🚀
Introducing Versions: Develop data products using Git. Join the waitlist

More Data, More Apps: Improving data ingestion in Tinybird

Building with Tinybird all starts with data ingestion, so we're focused on making it even better. Read on for updates to our ingestion experience, plus examples of how Tinybird customers ingest, query, and publish with Tinybird.
Kike Alonso
Product Manager
Feb 21, 2023
 ・ 
  min read

Tinybird now ingests more user data in a single day than it did in an entire month in the weeks and months after we pushed the first production commit. We built Tinybird for data at scale from the beginning, with beta users ingesting millions of rows at a time, but these days we’re measuring some use cases in petabytes. 

Ingesting data from an external origin at high volumes so that developers can build robust use cases is already a complex engineering task. But when you add to the mix the real-time nature of what Tinybird gives you, the challenge becomes quite massive.
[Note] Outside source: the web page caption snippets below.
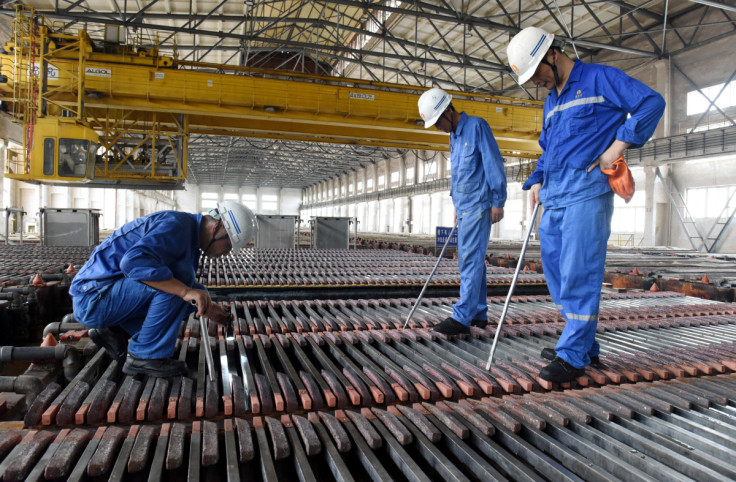 Workers inspect the production of copper cathodes at a Jinlong Copper plant in Tongling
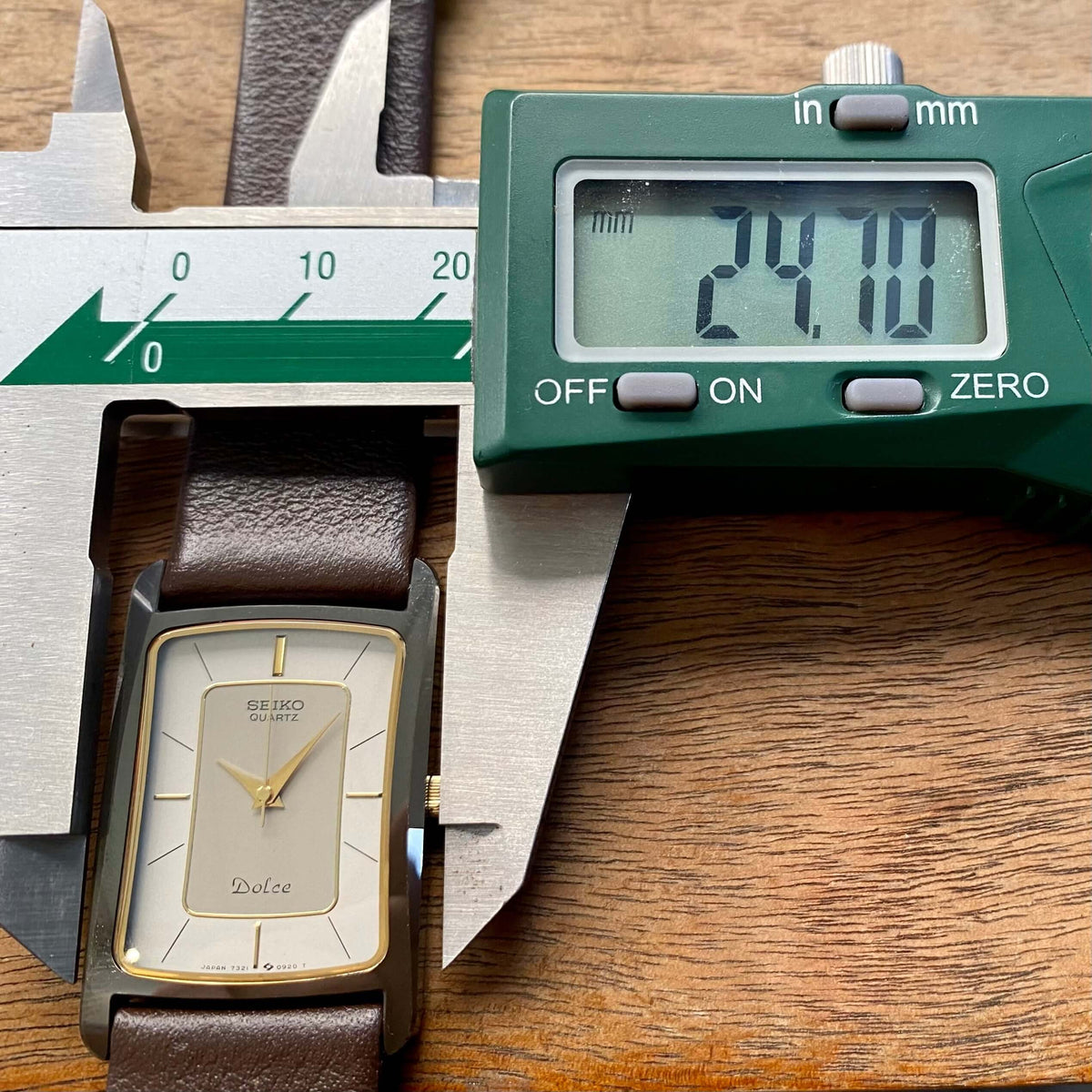 Vintage Seiko Dolce Quartz Tank 7321-5490 displayed with calipers measuring 24.00mm on a wooden background.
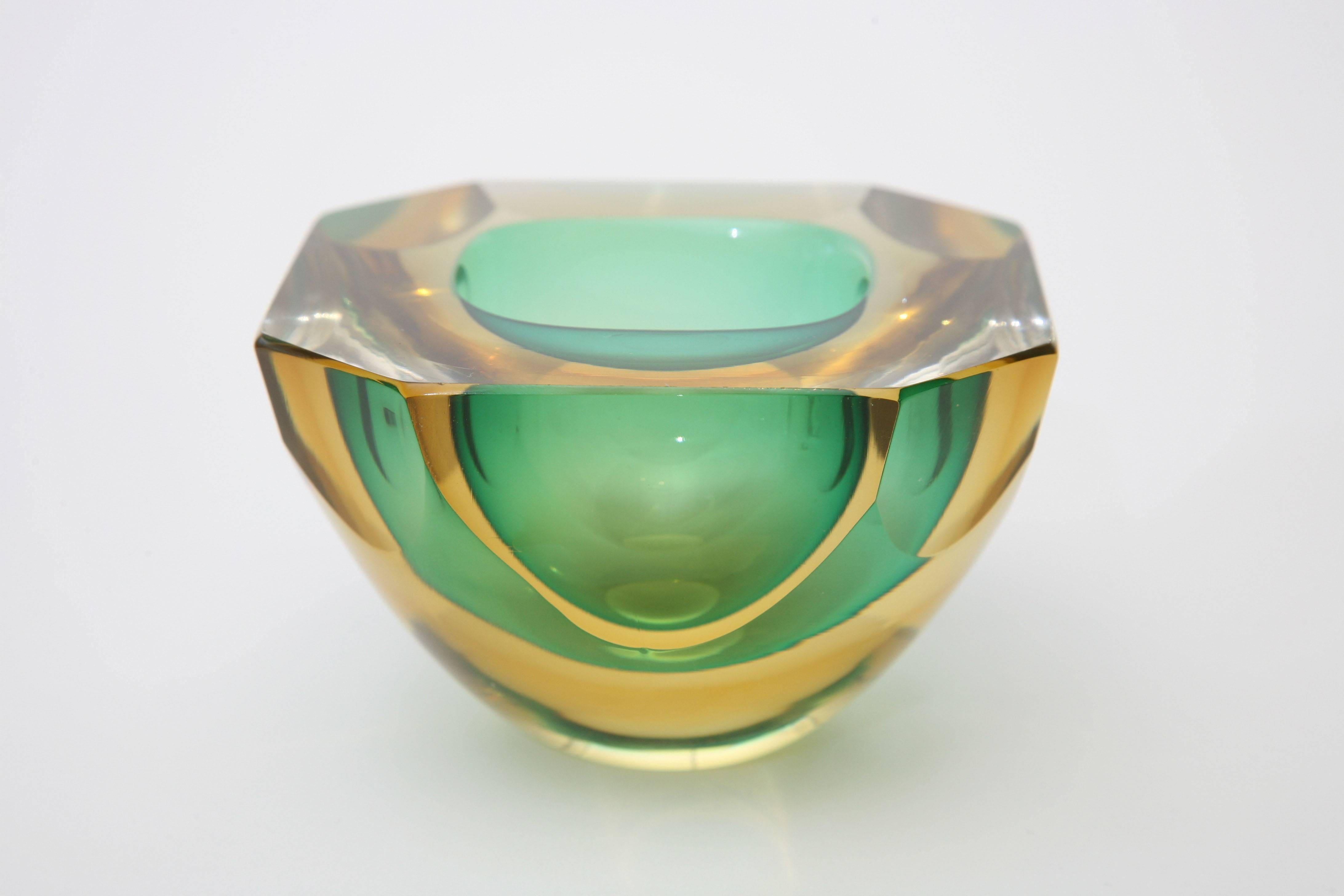 Lovely colors of Sommerso green to amber yellows are in this small Murano glass bowl that looks like a piece of sculpture.
It has a geode bowl with flat cut polished faceted sides and top.
Beautiful Murano glass!
Great for serving!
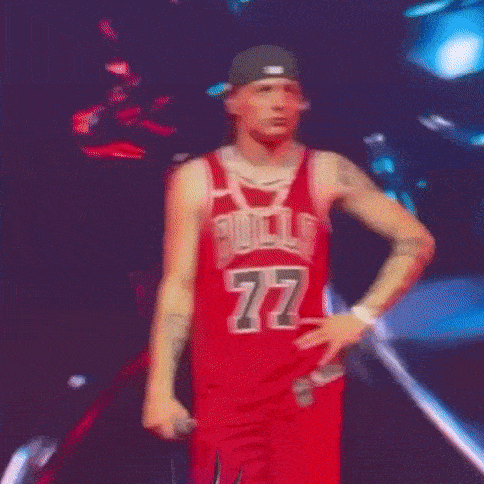a man in a red bulls jersey is standing on a stage with his hands on his hips .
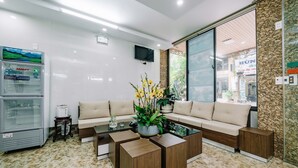 A modern reception area with a sofa, coffee table, and a Sanaky refrigerator. - Phuong Dong Hotel (Hai Phong)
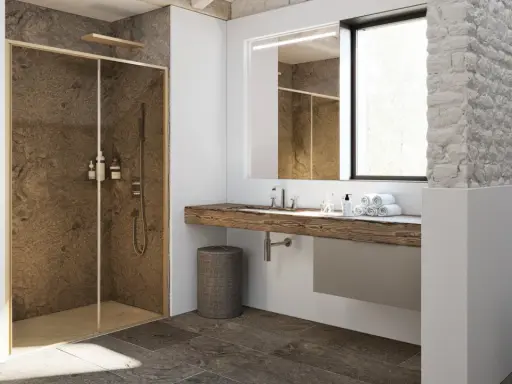 Bagno moderno con nicchia doccia in muratura effetto pietra, lavabo in legno grezzo e dettagli rustici.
Still, it’s worth solving. When developers get data into Tinybird at the scale for which we designed the platform, they very quickly accomplish some incredible things. Tinybird makes it so easy to take that data and publish low-latency APIs with nothing but SQL. You can transform, aggregate, join, and otherwise enrich data streams and dimensions to unlock some new insight or build a new real-time product. And the entire process happens in minutes.

Ingestion is addictive. Once you start using Tinybird, every new use case is just one SQL query away. Many users start with a narrow scope based on a readily available dataset. But because it is so fast and easy to build something meaningful in production with Tinybird, they quickly develop an appetite for more. 

Ingestion in Tinybird is addictive. Every new use case is just one SQL query away.

Tinybird users want to ingest more data from more places and combine them all to build even more powerful applications. So they ask questions like…

  • Can I enrich my Kafka streams with files from Amazon S3?
  • Can I join data from Redpanda and MySQL for analytics?
  • How do I run real-time analytics on data in Snowflake?
  • Are there simpler alternatives to Kafka?
  • Does Tinybird work with Rudderstack?

Building with Tinybird all starts with ingestion, so we’re focused on answering these questions. We want it to be easy to ingest from new sources. We want to feed that appetite.

Since we got started on Tinybird, we’ve always prioritized ingestion options based on our customers' expressed needs. The first thing we did was make it super easy to ingest a CSV file. Every database can export a CSV, so this was the logical first step. 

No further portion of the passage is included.